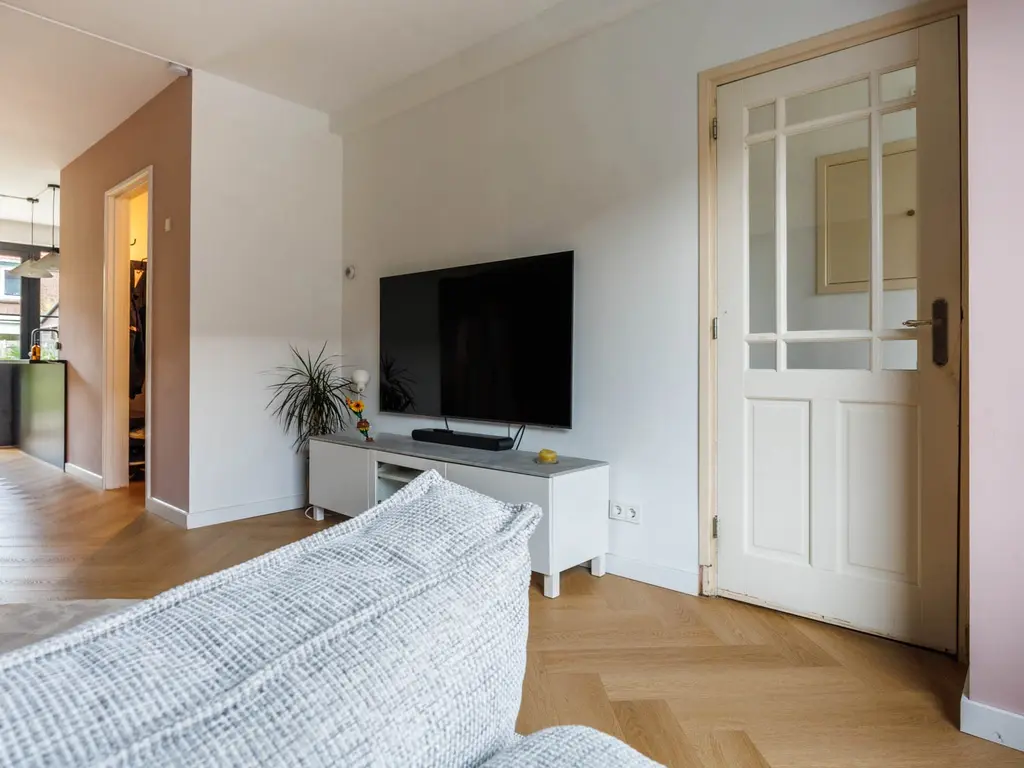 Meijelaan 8, Leiderdorp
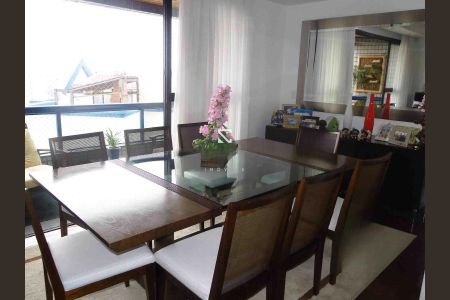 Apartamento à venda com 156m², 3 quartos e 2 vagas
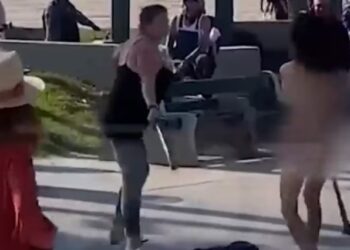 Una mujer desnuda y un palo con clavos: el VIDEO de una insólita pelea en las calles de Los Ángeles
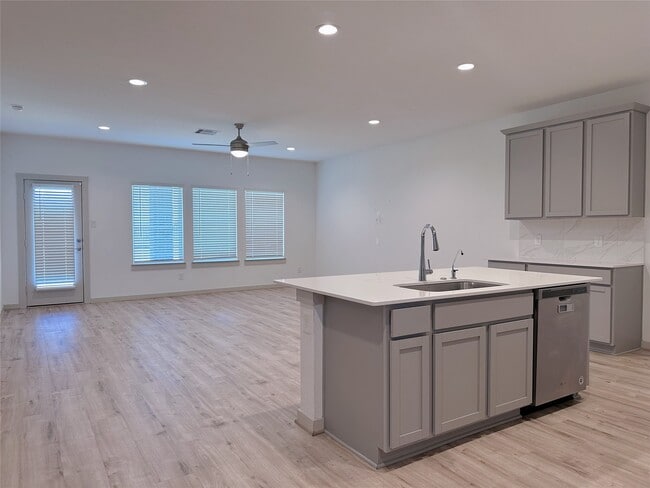 Building Photo - 29402 Ella Larchmont Ct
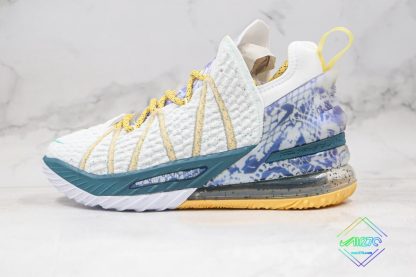 Nike LeBron 18 Reflections Flip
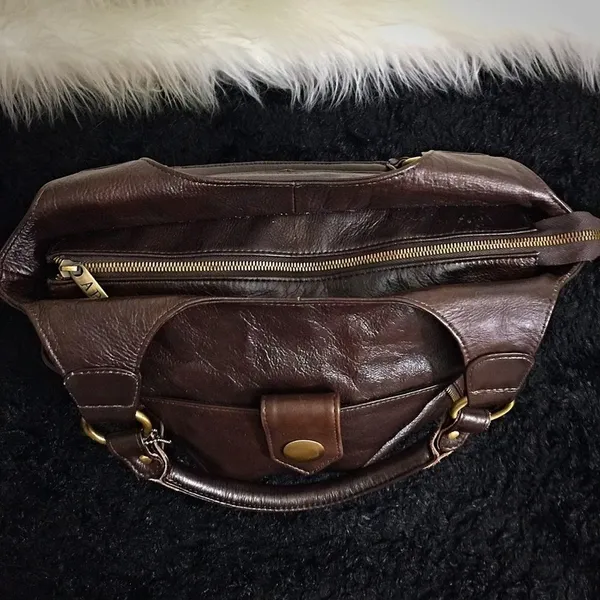 Unzip to expand! ACP High End Chocolate Brown Genuine‎ Leather Bag! - Image 4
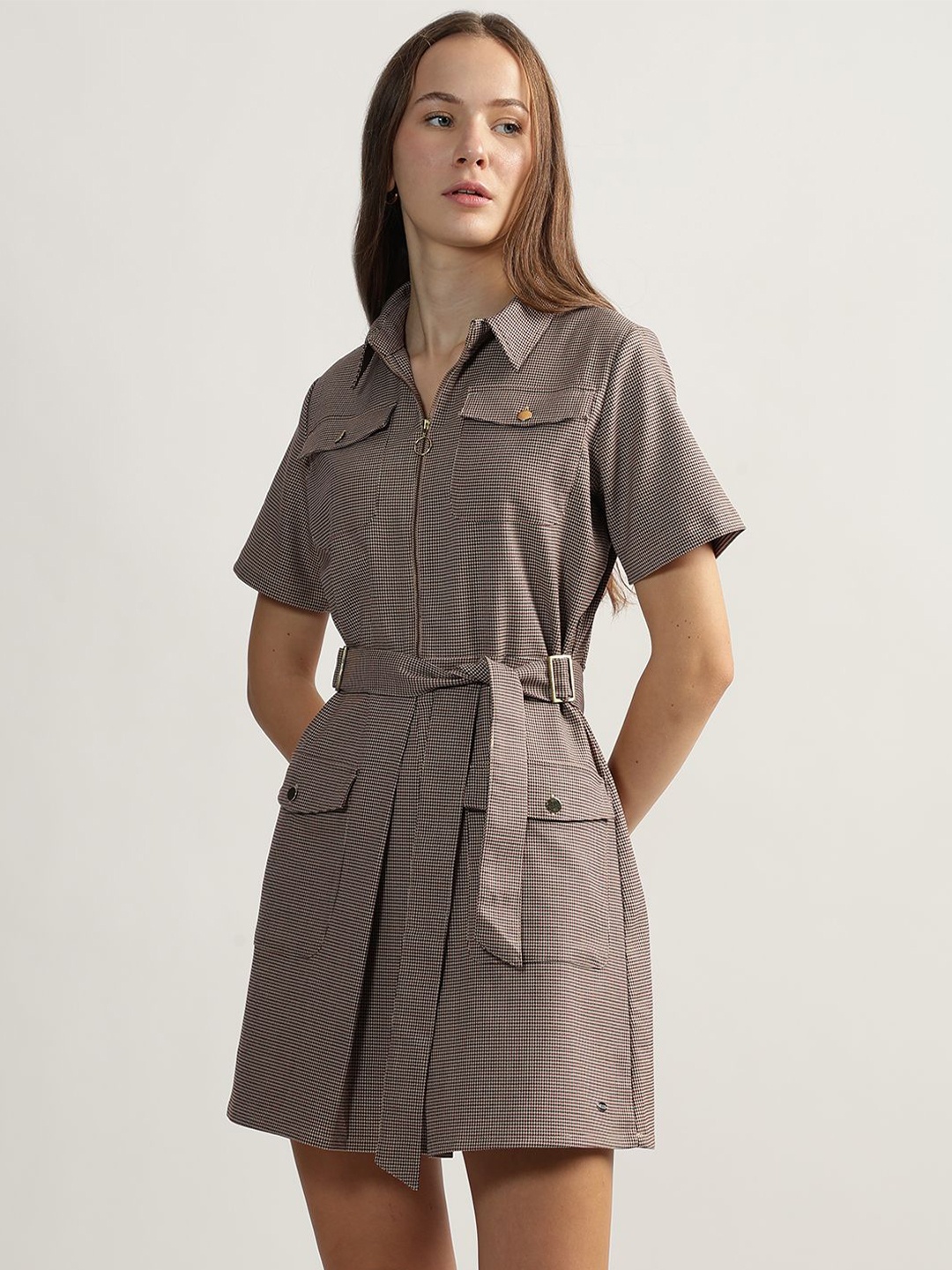 

ELLE Checked Shirt Mini Dress Comes with a belt, Beige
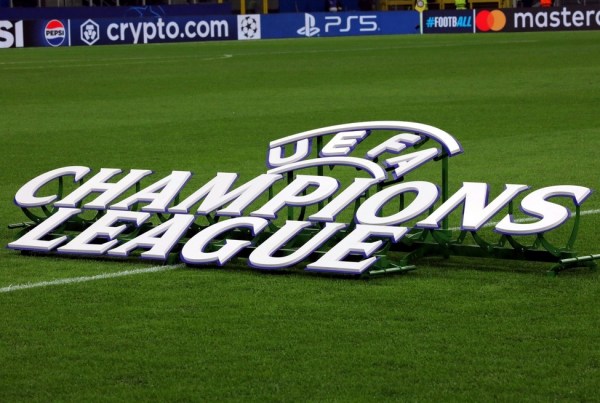 Italiane in Champions League: campo da calcio illuminato dai riflettori dello stadio.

+---+

* About this task *
Exactly the lines from the one that contains "Building Photo - 29402 Ella Larchmont Ct" through the final line of the records above are needed, given again word for word, with every picture left out.

* Task output *
 Building Photo - 29402 Ella Larchmont Ct
 Nike LeBron 18 Reflections Flip
 Unzip to expand! ACP High End Chocolate Brown Genuine‎ Leather Bag! - Image 4

ELLE Checked Shirt Mini Dress Comes with a belt, Beige
 Italiane in Champions League: campo da calcio illuminato dai riflettori dello stadio.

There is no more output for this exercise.